A Hollywood icon for over 65 years, Reynolds’ breakthrough roles came in 1950 with The Daughter of Rosie O’Grady and Three Little Words, the latter of which earned her a Golden Globe nomination for New Star of the Year. She would go on to star in classics such as Singin’ in the Rain, The Catered Affair, Bundle of Joy, The Unsinkable Molly Brown, and Charlotte’s Web, earning four more Golden Globe nods and an Oscar nomination along the way. Her acting career wasn’t just limited to big screen pictures, however. The Debbie Reynolds Show ran for one season from 1969 to 1970, for which she was nominated for Best Actress at the Globes. She would later be nominated for the Outstanding Guest Actress in a Comedy Series Emmy for her recurring role as Bobbi Adler on Will & Grace.
For much of the ’70s, Reynolds took her talents to the stage, acting on Broadway and throughout the country. She received a Tony nomination for her performance in the 1973 revival of Irene, which also saw the late Fisher make her Broadway debut. Reprising her role as the title character, she toured with a stage production of The Unsinkable Molly Brown in 1989. In 2010, she starred in her own one-woman show, Debbie Reynolds: Alive and Fabulous, in London’s West End.

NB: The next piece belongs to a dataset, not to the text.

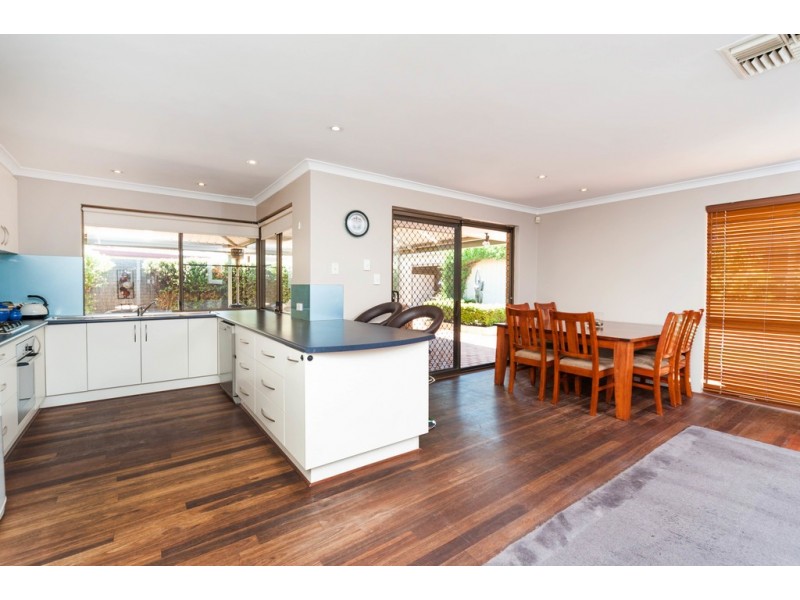 6 Bucknell Road, Bibra Lake WA 6163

Though she never won a major award during her career, she has been repeatedly honored for her on screen achievements. In 1997, she was awarded the Lifetime Achievement Award in Comedy from the American Comedy Awards. More recently, she received a Life Achievement Award from the Screen Actors Guild in 2014, as well as the Jean Hersholt Humanitarian Award at the 2015 Academy Awards. Given to individuals for their “outstanding contributions to humanitarian causes,” Reynolds earned the Hersholt Award thanks to her years of involvement with The Thalians, a Hollywood-based mental health organization of which she remained President Emeritus after stepping down in 2011.
Acting wasn’t the only career path for Reynolds. Many of her biggest films were musicals, and she parlayed that success into a career in pop music. Her debut album, entitled Debbie, was released in 1959. She had Billboard hits with songs such as “A Very Special Love” (1958) and “Am I That Easy to Forget (1960). Her most recent audio release was a Christmas album called Chrissy the Christmas Mouse. Reynolds also at one point owned a Las Vegas casino and a museum containing millions of dollars worth of Hollywood memorabilia, including Marilyn Monroe’s famous white “subway” dress and Charlie Chaplin’s bowler hat.
Reynolds’ relationship with her daughter, Carrie, was often a strained one. They had largely reconciled in their later years, however, and even worked together on a documentary entitled Bright Lights: Starring Carrie Fisher and Debbie Reynolds, which premiered at Cannes earlier this year and is set for an HBO debut in 2017.
Reynolds previously suffered a stroke in 2015, an event Fisher referenced while discussing Bright Lights with People. “It’s a lot of times terrifying, but watching my mother, who’s incredibly resilient, coping with certain health issues that she’s had,” Fisher said of Reynolds. “We were really lucky we got really what probably could be her last [big project].”